Jay, you’ve talked before about respecting the natural habitat. Why is that so important?
Soil scientist and conservationist Aldo Leopold once said that the less aggressive agriculture can be, the more natural capacity there is for nature to revive itself. That told me that less is best. The challenge is meeting the demands of raising a crop and generating revenue while respecting the surrounding landscape for future generations.
We have 20,000 acres of land in total (including 12,000 acres that are farmed) and 40 per cent of that is wildlife habitat. We have riparian areas, managed forest timberland and a very active and growing population of black bears, deer and other species, all of which provides a rich source of natural diversity to our farming operation.

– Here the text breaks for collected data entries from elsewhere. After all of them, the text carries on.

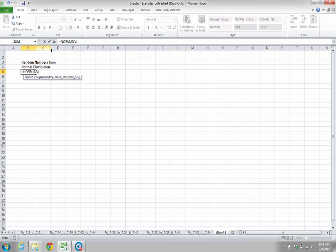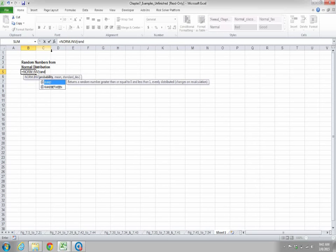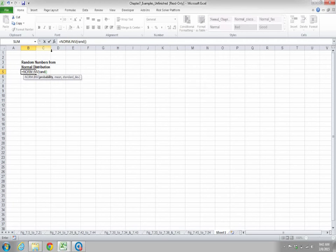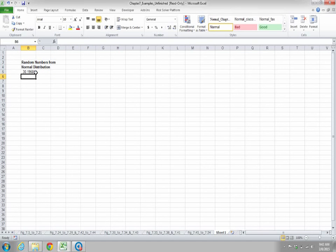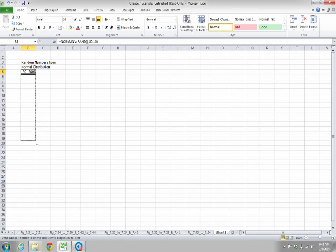We will generate random numbers here, with the mean set to 50 and standard deviation set to 15. Close the brackets and click enter. You get a number which has a mean of 50 and a standard deviation of 15.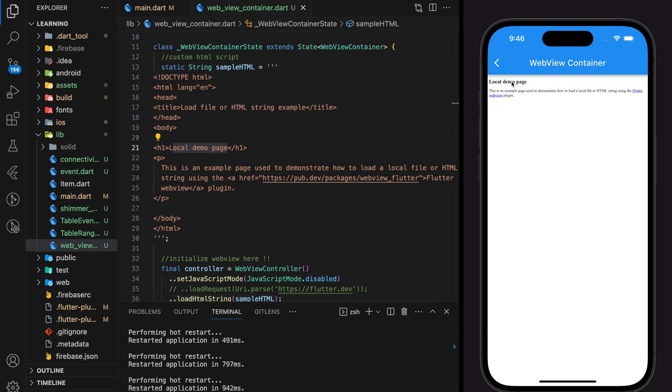As a summary, in today's tutorial we have learned how to create a webview controller, how to initialize a controller, how to load web page URL into webview controller and how to load vanilla HTML code into webview controller to be displayed in Flutter application.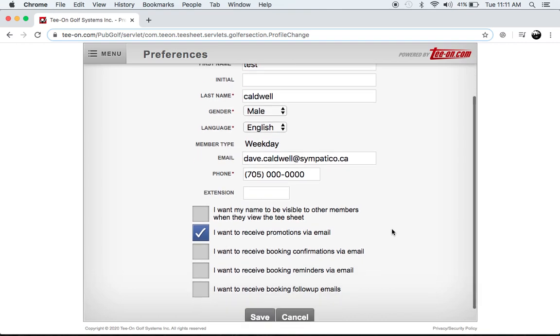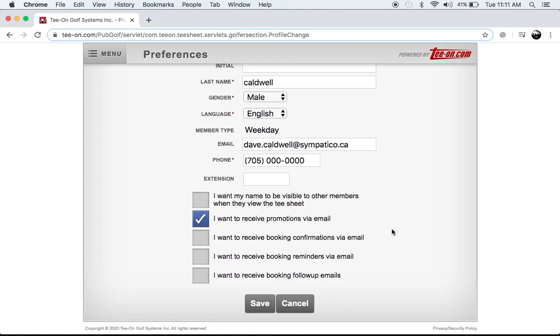So you should see this page and you'll notice some tick boxes here. We're going to want to tick this one. It says I want to receive booking confirmations via email.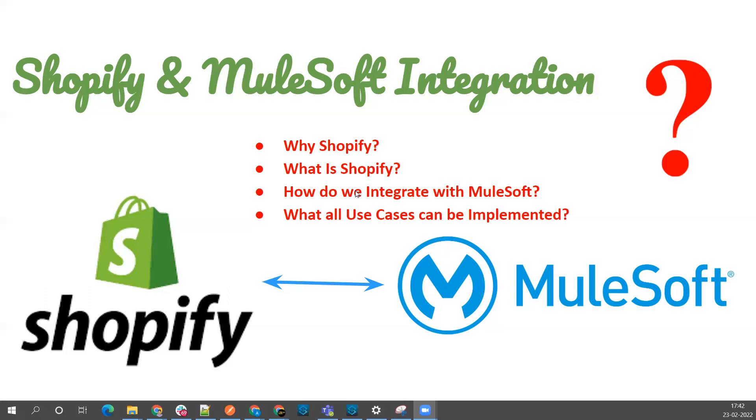Because now the world is moving towards complete digitalization and virtual internet, users should be looking for a solution where they can have their online store or virtual store so they can sell products. That's all about Shopify.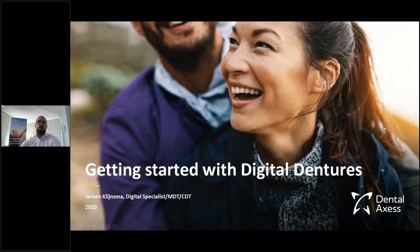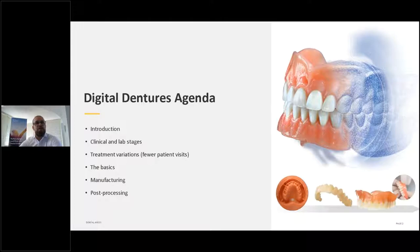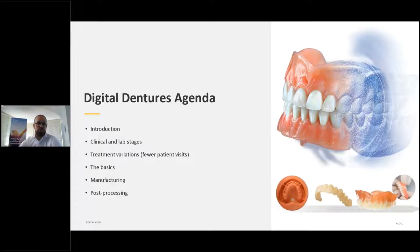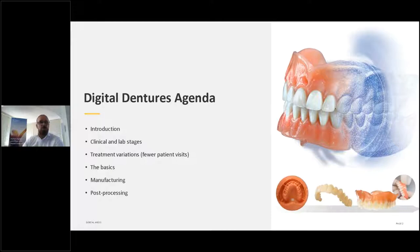I'd like to start with our digital dentures agenda. After the introduction, I'm going to talk about clinical and lab stages — there's a big difference between those two. We'll cover some treatment variations on how we can reduce patient visits, and go through the basics, manufacturing, and post-processing. If there are any questions, I'd love to answer them at the end so nobody gets distracted and I can give you the best answers.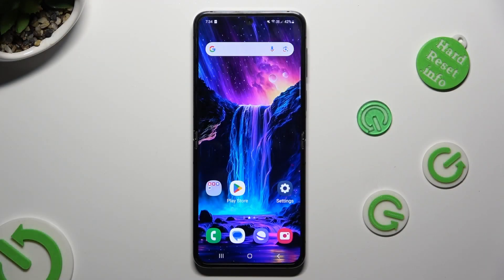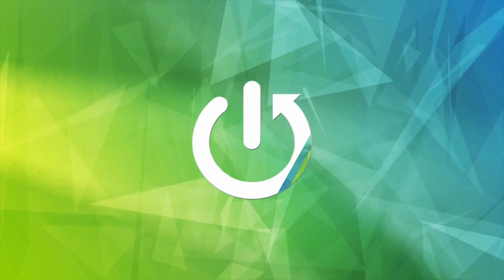Hi, in front of me is Samsung Galaxy Flip 5 and today I would like to show you how you can manage predictive text.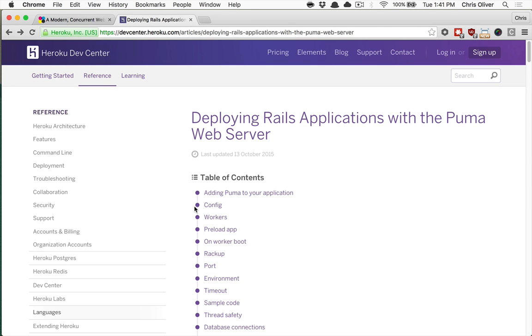The reason for that is because Puma, along with Thin and Passenger 5, are some of the most recommended web servers that you can use with Action Cable.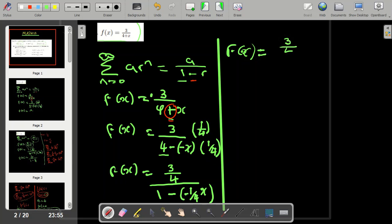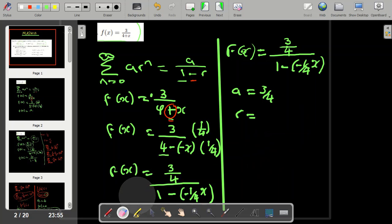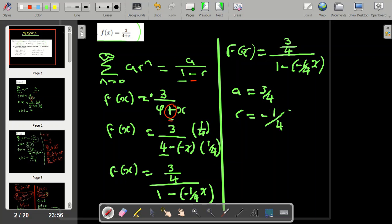From this form, we can identify our values: a = 3/4 and r = -x/4, or equivalently r = -(1/4)x. This is our a value and our r value, so we can now write our geometric series.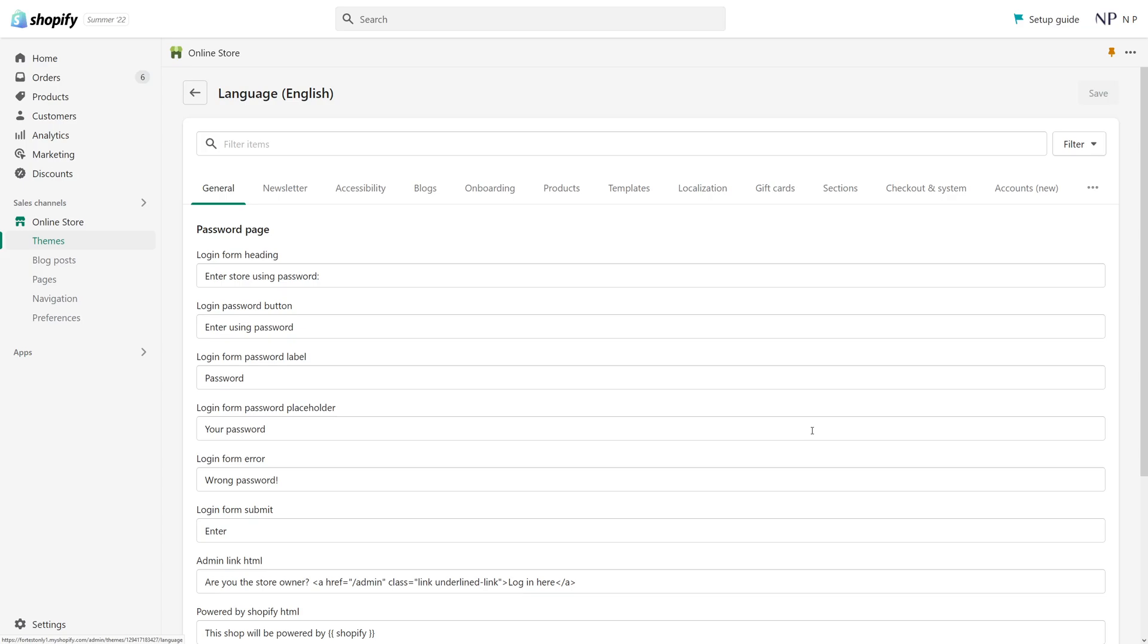Several months ago I recorded a video on how to change the theme language in Shopify, but unfortunately since the last recording there were some minimal changes to the user interface in the admin panel.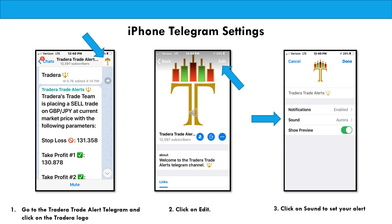On the last step, make sure that notifications is enabled. Then you can click on sound and choose whatever alert you want to associate with new messages coming in. And that's it.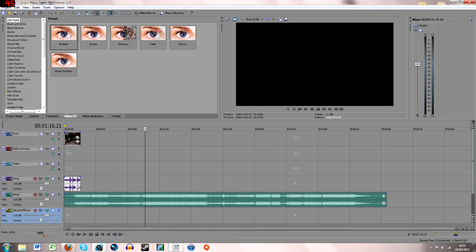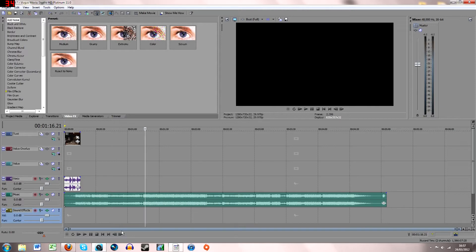Hey what's going on guys, it's Youn here and today I've got a really simple tutorial for Sony Vegas. It's just how to sync sniper shots to the music.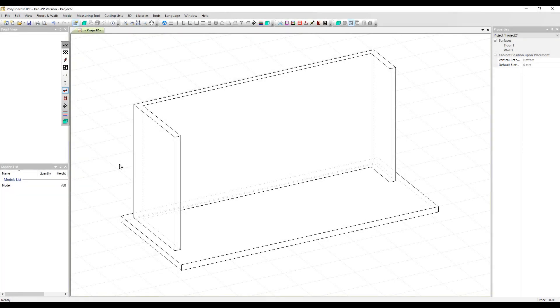In this video, we're going to look at moving and rotating cabinets in project mode. Let's first view this project in plan view.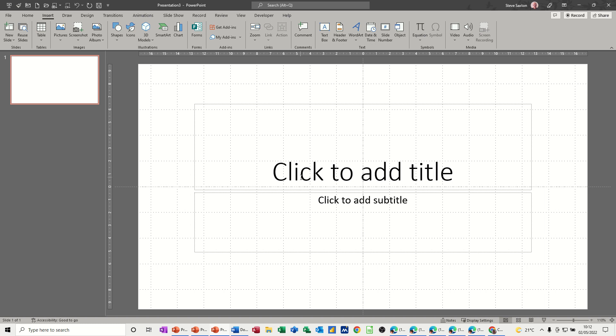Hi guys, welcome to this session on Microsoft PowerPoint. In this module, I want to show you how you can trim a movie.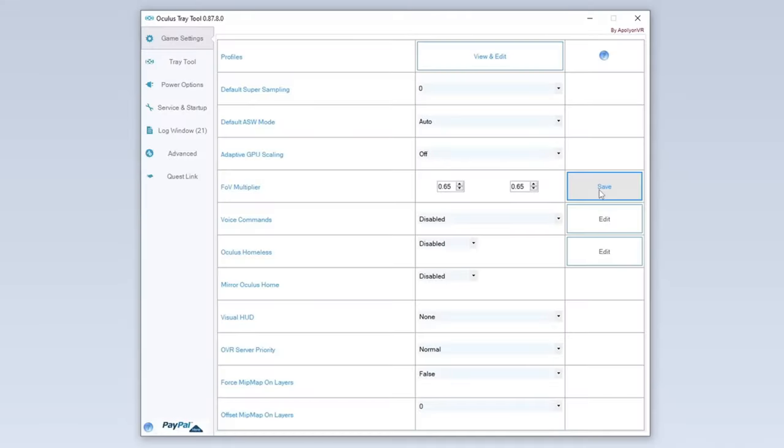And make sure you set these settings in the Quest 2 or the Quest 3 before connecting to your computer. Okay? And this Oculus Tray Tool is doing magic, I can tell you. So this is the most important step of this tutorial.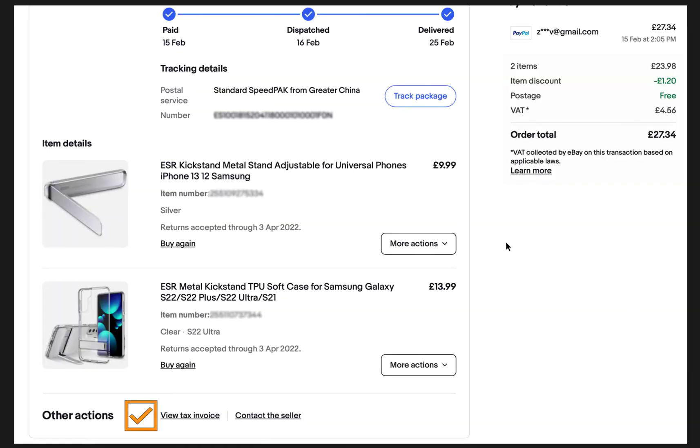On the next page you have to scroll down and find where it says View Tax Invoice. Click on it.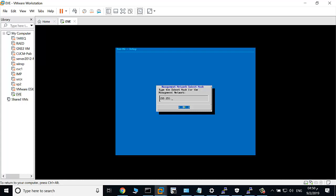This is the subnet mask. OK. Default gateway - this is the default gateway. The DNS server, the primary one.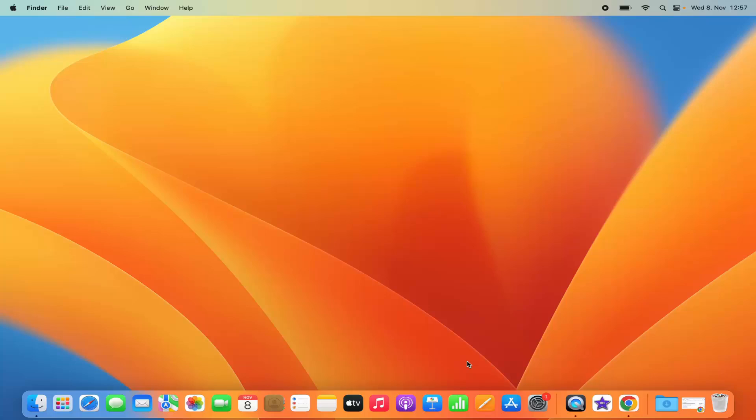Hey guys, in this video I'm going to show you how you can download and install VLC Media Player on your Mac operating system. So let's get started and let's see how we can do it.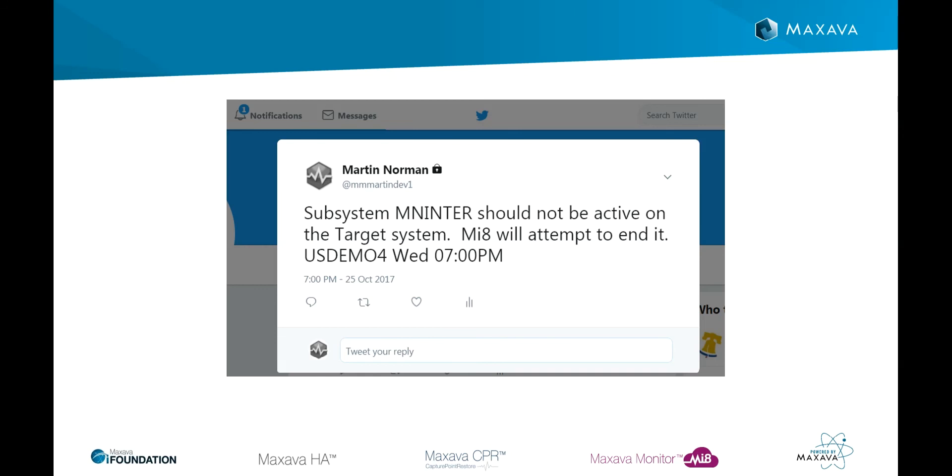For those who use Twitter as their source of news, we can also push the same information in tweet form.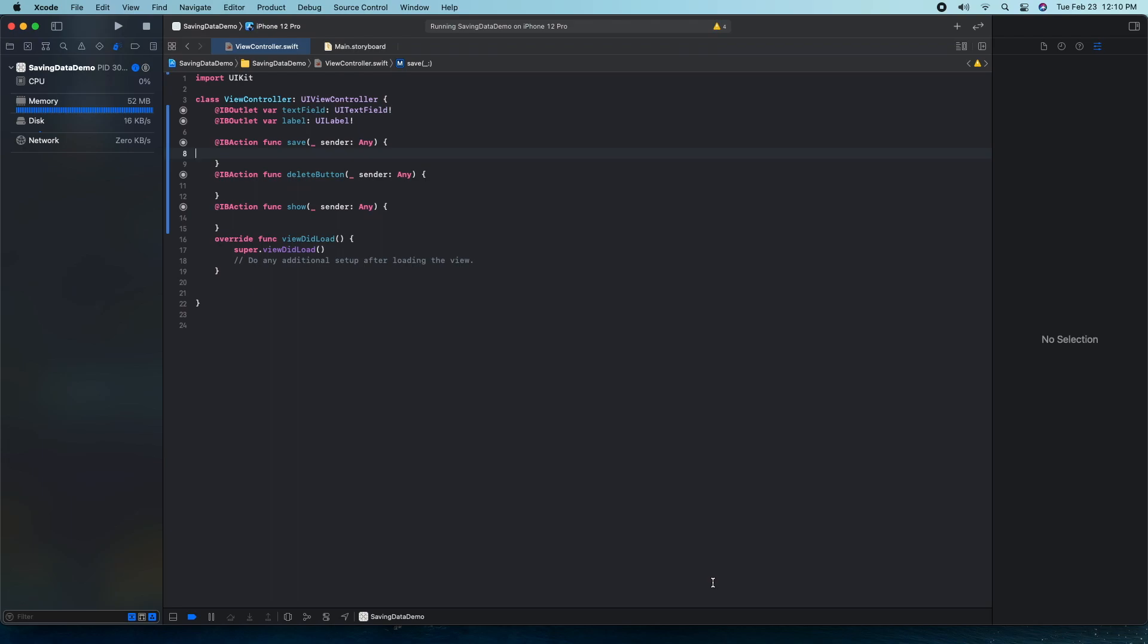Hey guys, we're done apps and in this video I'll be showing you how you can store data in Swift using user defaults.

It’s a symbiotic relationship and it helps build a healthy environment for agricultural production.
Soil health is also important. Using cover crops or even native vegetation provides a natural, low cost way to get water into the ground and stop it running off. Keeping organic matter on the surface provides a whole world of microorganisms underneath the ground that are beneficial to plants, which helps to stabilize and improve yields without using crop protection products. This is what sustainable, regenerative agriculture is all about.
Jay, what’s next for the farm?
Mead and Marshall are on the edge of making some profound changes that amplify sustainable farming – both economically and environmentally – and go beyond what I, my father-in-law and his father before him achieved. I think biology is going to be a great driving force in their future. It’s such a thrill to watch and be part of it.